Every year or so my wife and I go through our joint bank account and look at what we spent money on that year. It's laborious to categorise each transaction and I wondered whether the process could be automated.
Turns out it can! I used a classifier algorithm to automatically categorise transactions into groups like 'travel', 'groceries', 'eating out' and so on.
Here's the kind of chart I've been able to automatically generate. This is categorised spending from 2012 (the yellow segment is the 'transport' category, which peaked on the wallet-busting day when I bought my rail season ticket):
Here's how the system works:
Our bank lets us download a .csv file of transactions for each month, with a row for each item of income or expenditure, like this:
Date,Description,Amount,Balance
21/03/2011,COSTA CJ ST JOHNS LONDON SW11 1,-6.55,XXX*
15/03/2011,SCOTTISHPOWER PLC,-37,XXX*
10/03/2011,BOOTS 0330 OXFORD,-5.11,XXX*
* Balances replaced with 'XXX'
Each of these rows contains various bits of information (or 'features') which could be used by a classifier to sort a transaction into the correct category, for example:
There are various classifier algorithms implemented in different libraries. I used the scikit-learn library for Python, which makes experimenting with different classifying algorithms quite straightforward.
Classifiers are a 'supervised learning' technique, which means they need to be trained on some data first. To do this, I manually categorised bank transactions from 2011 and used those as the training set.
I started by using the 'Description' field to train my classifier. Each description is formed into a 'term-frequency times inverse document-frequency' (tf-idf) matrix, which is a way of giving more weight to the important words in a string.
To test the accuracy of the classifier, I also categorised transactions from 2012 to form a test set.
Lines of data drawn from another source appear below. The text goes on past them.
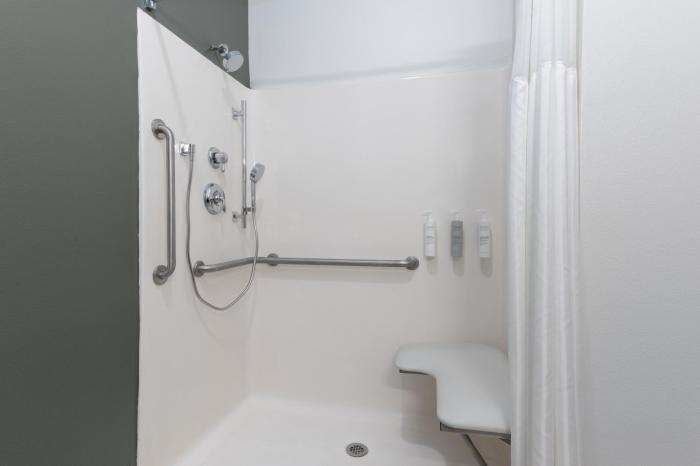 spark by hilton savannah south i 95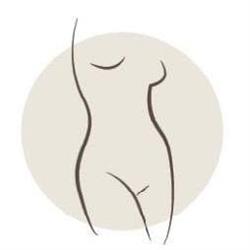 Medfem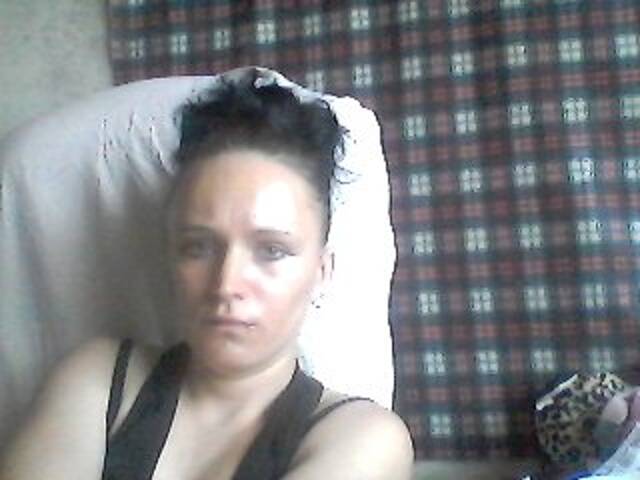 Εκπομπές οθόνης patilabaka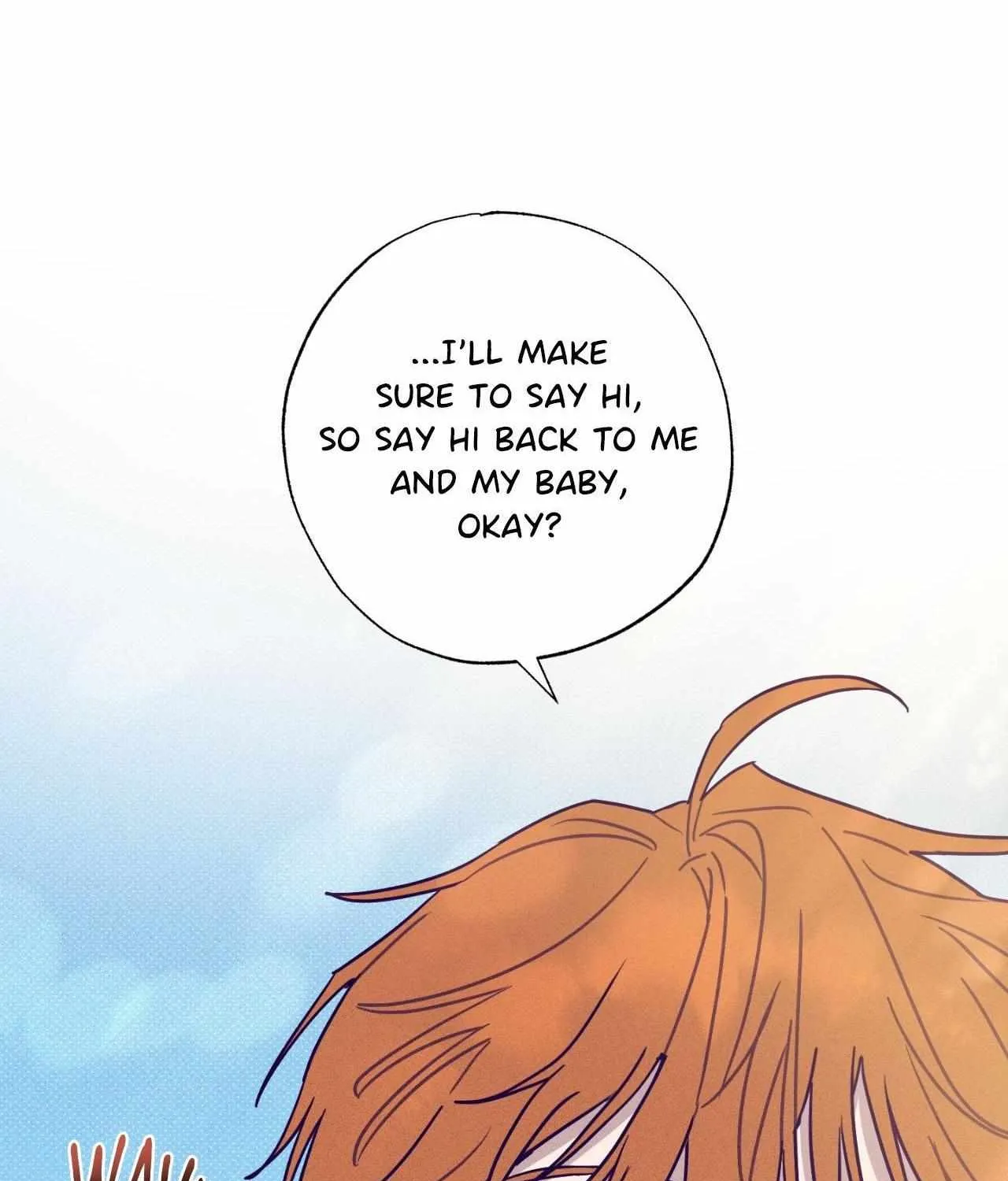 Prison Breakfast Chapter 52 page 121 - 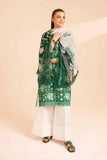 Nishat Linen 2 Piece - Printed Suit - 42401779 Eid Ul Adha Collection 2024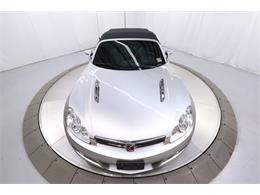 2007 Saturn Sky (CC-2094746) for sale in Christiansburg, Virginia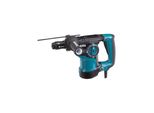 Makita Bohrhammer Sds-Plus Elektronik HR2811FT)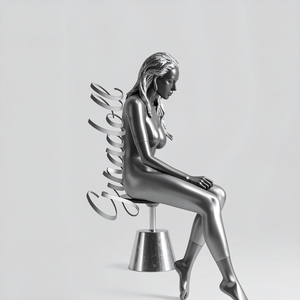 日韩不卡高清无码人妻
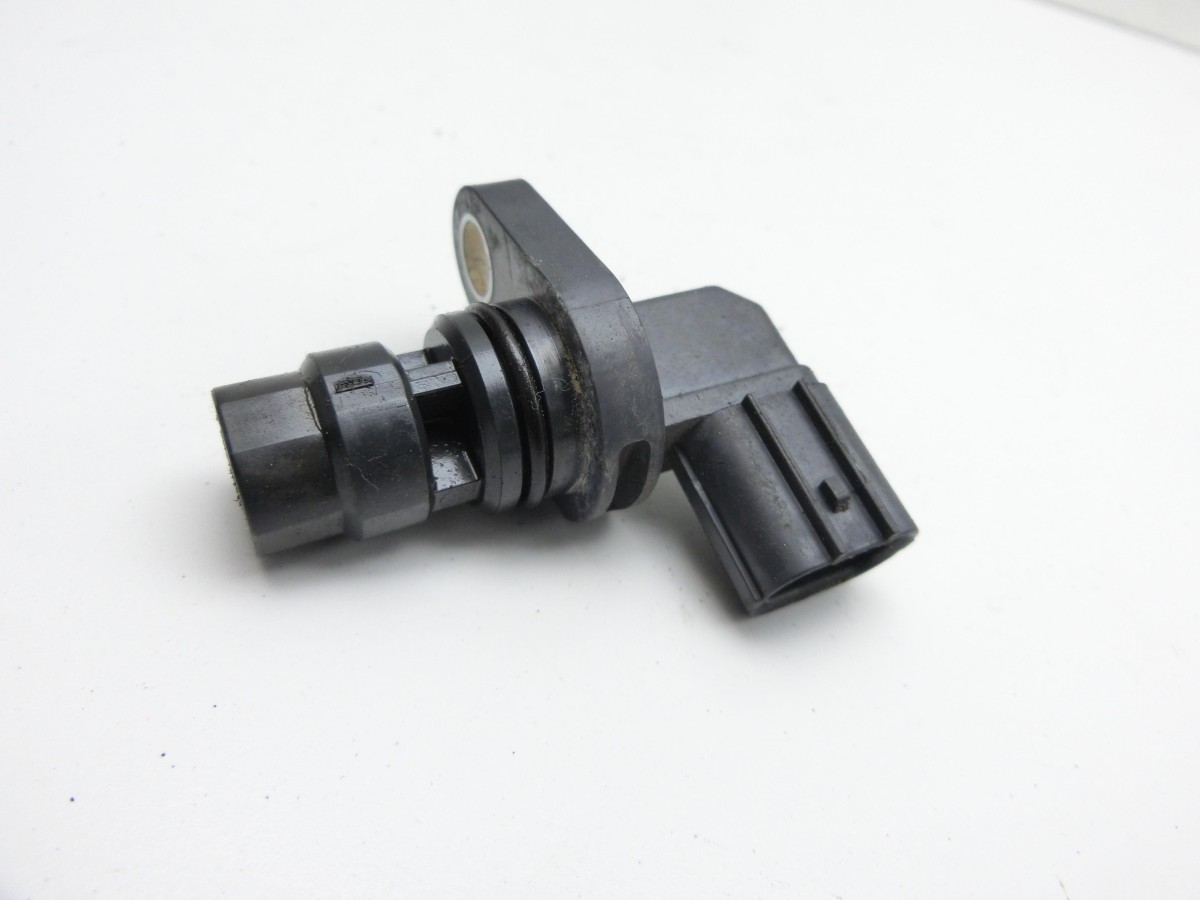 Suzuki Swift IV NZ 13-17 TDCi 1,2 69KW K12B  Nockenwellensensor Impulsgeber Sensor Nockenwelle J5T34872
My data is tiny: I had a training set of 538 and a test set of 843 transactions, classed into about 35 categories.
(The training set should probably be larger than the test set.)
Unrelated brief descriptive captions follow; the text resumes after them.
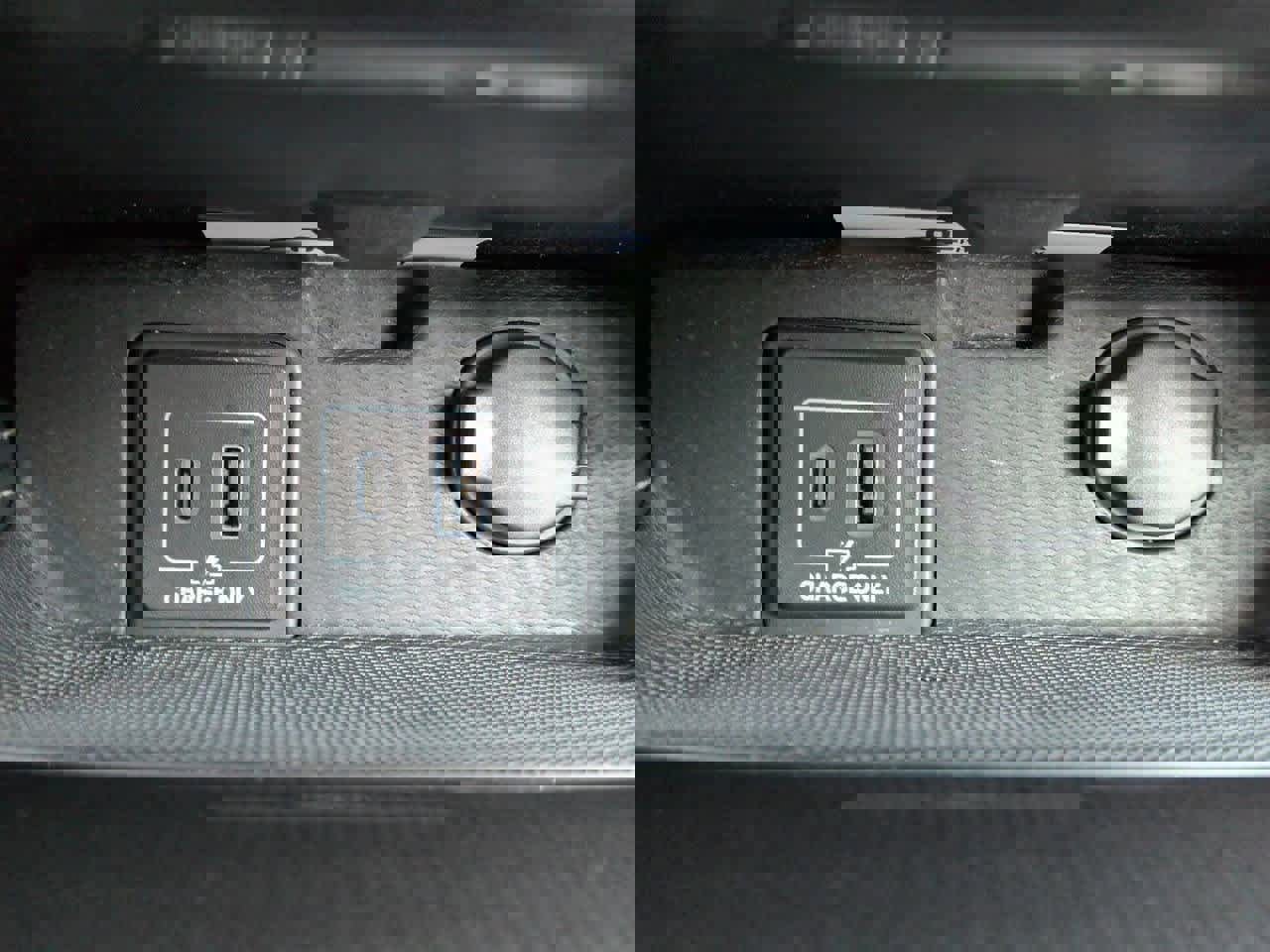 Used 2019 INFINITI QX60 Luxe w/ Essential Package image 33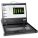 Tripp-Lite B070-008-19 Rack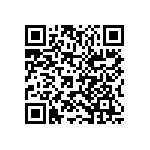 1210J5000470JFR QRCode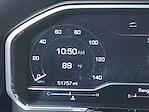 2023 GMC Sierra 1500 Crew Cab 4x4 Pickup for sale #5G516P - photo 12
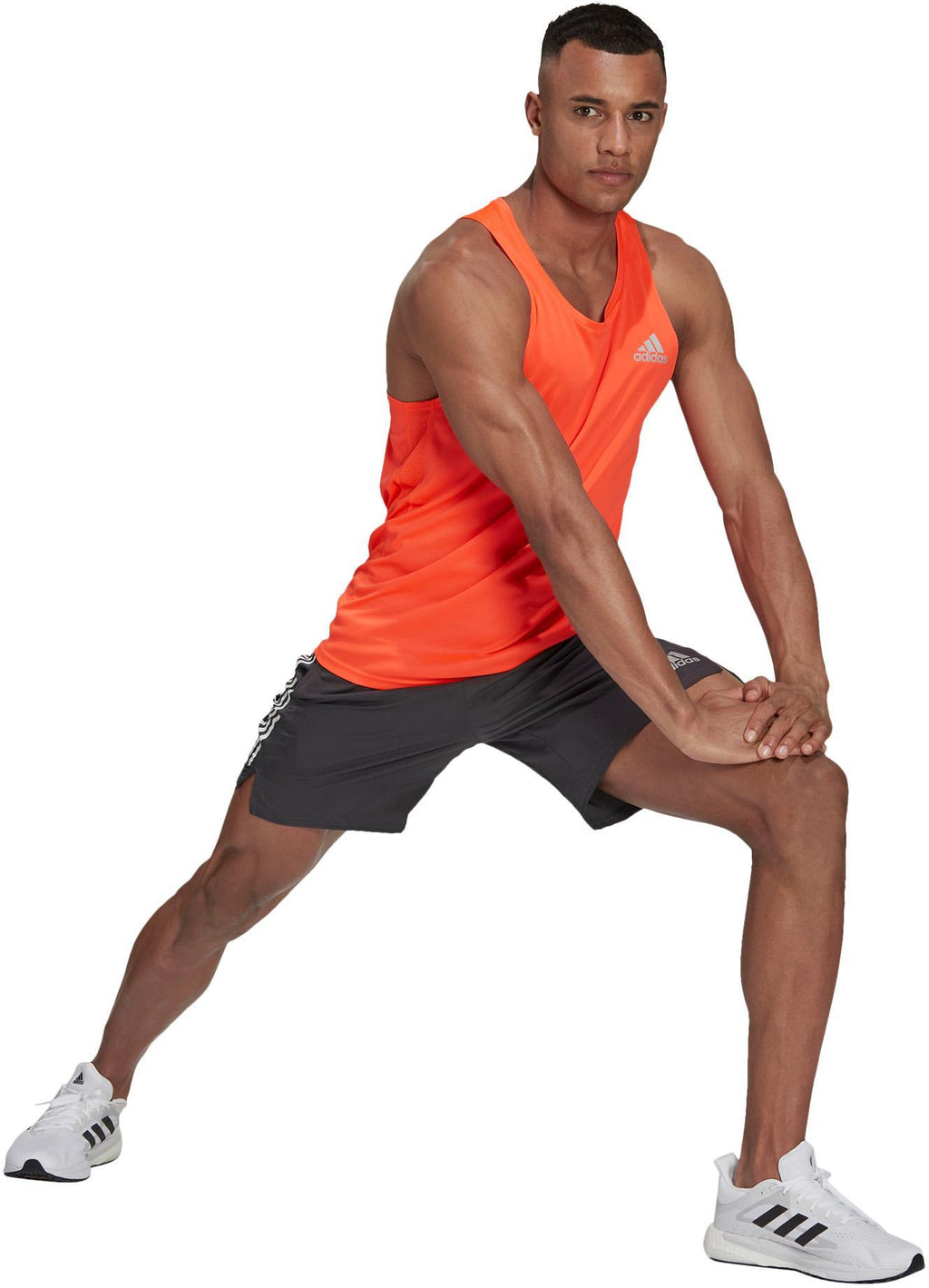 Otr Singlet
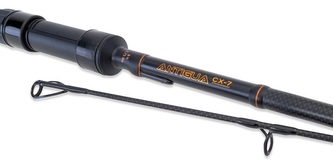 Prut Antigua CX-7 8ft./2,4m 2,75lb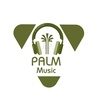 Palm Music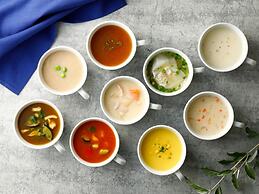 Toyoko Inn Ueda Ekimae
I used a Naive Bayes classifier first, which gave me about 56% accuracy of allocating the transactions into the correct category - a bit disappointing! (NLTK's implementation gave me a similar result.)
One of the nice things about scikit-learn is that it makes it easy to try other algorithms. I tried several of the classifiers demonstrated here, which returned accuracies from lower than 50 up to 70%.
The best results (up to about 76%) were with the SGDClassifier
, which is a 'linear support vector machine (SVM)' with 'stochastic gradient descent (SGD)' learning - SVMs are supposed to be more effective on smaller datasets like mine.
Just for interest, the 'confusion matrix' shows which categories the classifier struggled to distinguish. The Bayes clasifier often mis-classified 'petrol' transactions as 'groceries', but the SVM seems better able to tell the difference:
The accuracy would be improved with a larger training set and probably with fewer categories, but 76% accuracy is acceptable for my purposes. I don't mind a bit of uncertainty in the results as long as it's predictable...
...Which it is. Classifiers can often return the probability that their prediction is correct. This histogram shows that correctly and incorrectly classified transactions can be predicted by the classifier's probability score:
It's acceptable for some transactions to be misclassified, but I want to know if large transactions are likely to be mis-classified. If a transaction has a probability <25% and a value >£100, this can be flagged for manual classification.
The probability score also demonstrates the limitation of using an old year as my training set. My income and spending patterns have changed over the years, so if I run more recent data through the classifier there are more uncertain classifications.
I also experimented with adding other features into the classifier, such as the transaction amount. Scikit-learn makes this possible through its Pipeline
and FeatureUnion
classes, like this:
pipeline = Pipeline([
("union", FeatureUnion(
transformer_list = [
("description", Pipeline([
("selector", ItemSelector(column="Description")),
("tfidf", TfidfVectorizer())
])),
("amount", Pipeline([
("selector", ItemSelector(column="Amount")),
("scaler", StandardScaler())
]))
],
transformer_weights = {
"description": .9,
"amount": .1,
},
)),
("classifier", SGDClassifier(loss="log"))
])
However this was not very effective: accuracy went down as a result of the second feature, so I've retained it but only at a low weighting.
I think there's some potential here for an automated system. I'm not posting all my data for obvious reasons, but if you are interested, you can see some of the classification and charting code (it's scrappy!) I used in this repository.